In 1892, Marsh named a second species, C. annectens. It was later reassigned to Anatosaurus and then Edmontosaurus, where it is currently. G. R. Wieland named third species C. affinis in 1903, which he compared to C. annectens. C. affinis was founded on remains from the Pierre Shale of South Dakota, found in association with remains of the giant sea turtle Archelon. At some point after its description, the fragmentary remains were mixed up with the original remains of C. agilis, and a toe bone from C. agilis was accidentally thought to be the only part of the holotype remains that could be located. This was corrected by Joseph Gregory in 1948, who found three toe bones from the right foot of a large hadrosaur in the Yale collections that had comparable preservation to the Pierre Shale turtle remains and were associated with labels in Wieland's handwriting. Gregory found the toe bones to be very similar in size to the corresponding bones of Marsh's Claosaurus annectens, but did not reassign the species due to its much older age and fragmentary remains.
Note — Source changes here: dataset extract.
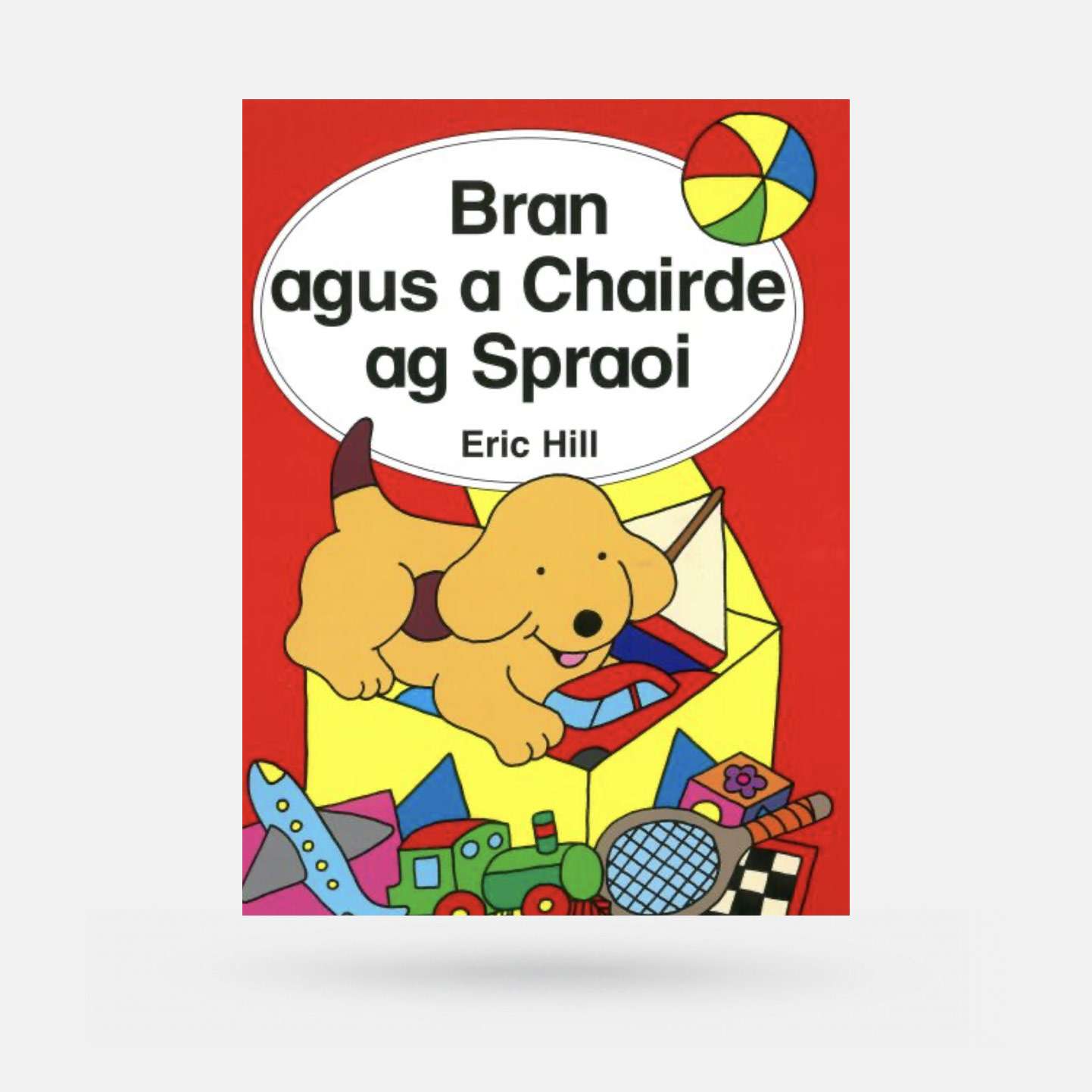 Bran agus a Chairde ag Spraoi by Eric Hill - Book - Spailpín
C. affinis was considered a dubious hadrosaur in the 2004 review by Jack Horner and colleagues. They reported its type material as lost, although they also reported the remains as only including a single toe bone, instead of the three toe bones described by Gregory.

Reports of gastroliths, or stomach stones, in Claosaurus are actually based on a probable double misidentification. The specimen thought to have gastroliths is actually of Edmontosaurus annectens. Barnum Brown, who discovered the specimen in 1900, referred to it as Claosaurus, because E. annectens was thought to be a species of Claosaurus at the time. Additionally, it is more likely that the supposed gastroliths represent gravel washed in during burial.